Mineral surfaces play an important role in the attenuation of contaminants in the subsurface. As a consequence, understanding the reduction potential of those surfaces is important for predicting the rates at which contaminants will be degraded in groundwater. Conventional measurement of oxidation-reduction potential (ORP) using a platinum electrode reflects aqueous solution chemistry, but does not fully reflect redox processes at mineral surfaces. 

To improve the assessment of reduction potential, Dr. Paul Tratnyek and his team at the Oregon Health & Science University are developing redox-sensitive indicators as chemical redox probes (CRPs) under SERDP project ER-2308. To be effective, a CRP must come in direct contact with the mineral surfaces. This can be accomplished using “push-pull” tests or, more precisely, pull-push-pull tests in which: 1) groundwater is carefully brought to the surface and mixed with one or more CRPs, 2) re-injected into the subsurface, 3) allowed to remain in the subsurface for periods of minutes to hours depending on site conditions, 4) extracted back to ground surface, 5) analyzed by UV-visible or fluorescence spectroscopy to determine the extent of reduction of the dye, and 6) the fraction of the dye that is reduced is used in the Nernst equation to calculate a reduction potential that includes the effects of the mineral surfaces. This process is shown in the accompanying video.

In general, redox potentials determined on aquifer material using CRPs are 100 or more millivolts more negative (more reducing) than the ORPs measured on pore water in the conventional fashion. Preliminary results also indicated that the CRP determined potentials are more predictive of contaminant reduction rates.

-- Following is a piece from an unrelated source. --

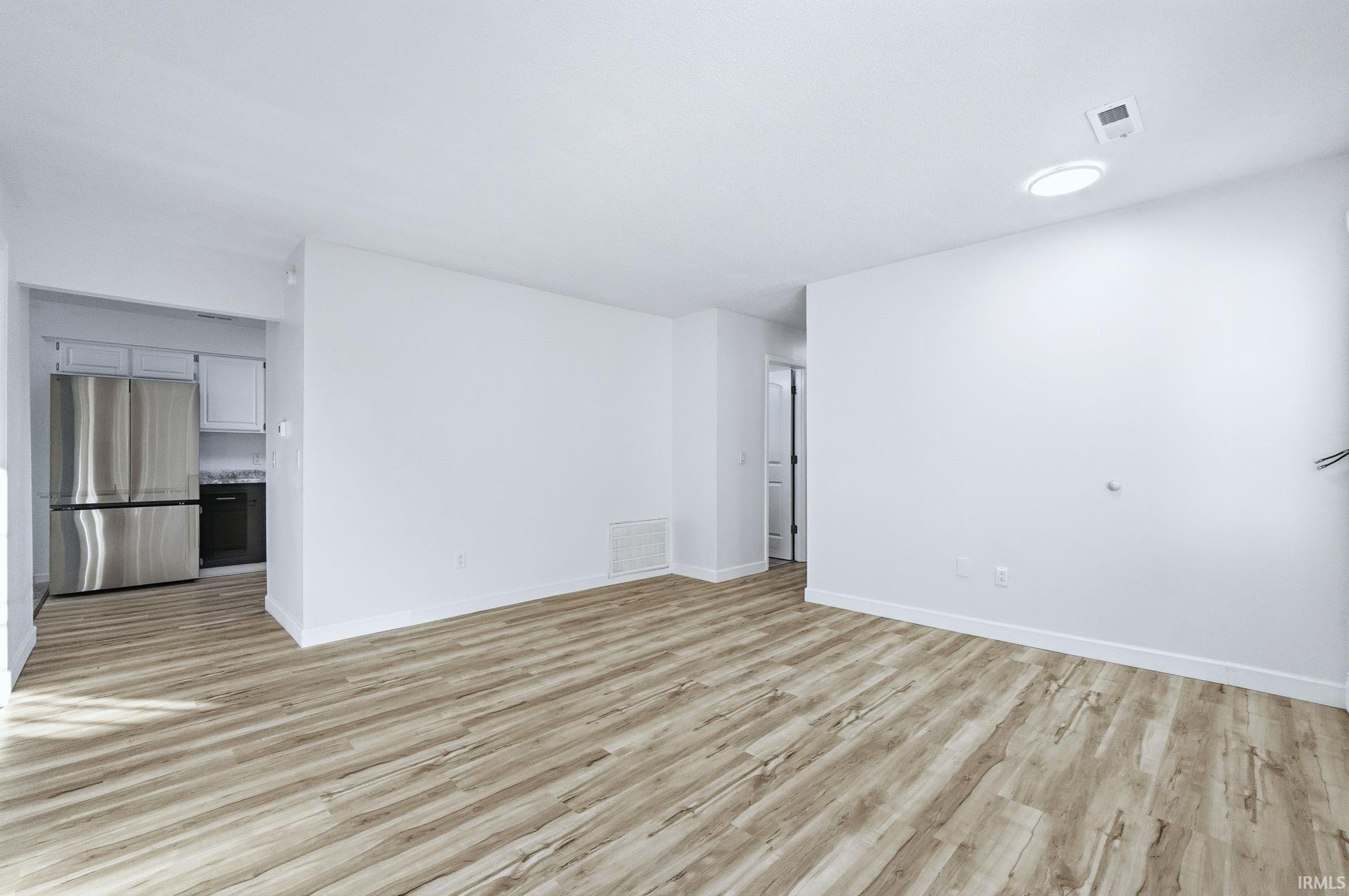 Photo 6 of 1004 Fall Creek Avenue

The new tools developed under this project will directly benefit the planning and implementation of remedies for chlorinated solvent contaminated groundwater. They will be applicable early in the site characterization process to help determine what remediation approach is best suited to the site. They also will be useful in a "before and after" mode to assess the effectiveness of augmentation or stimulation. Finally, they will help to determine when remediation activities at sites are not performing as anticipated and can provide an improved scientific basis for terminating remediation activities, if necessary.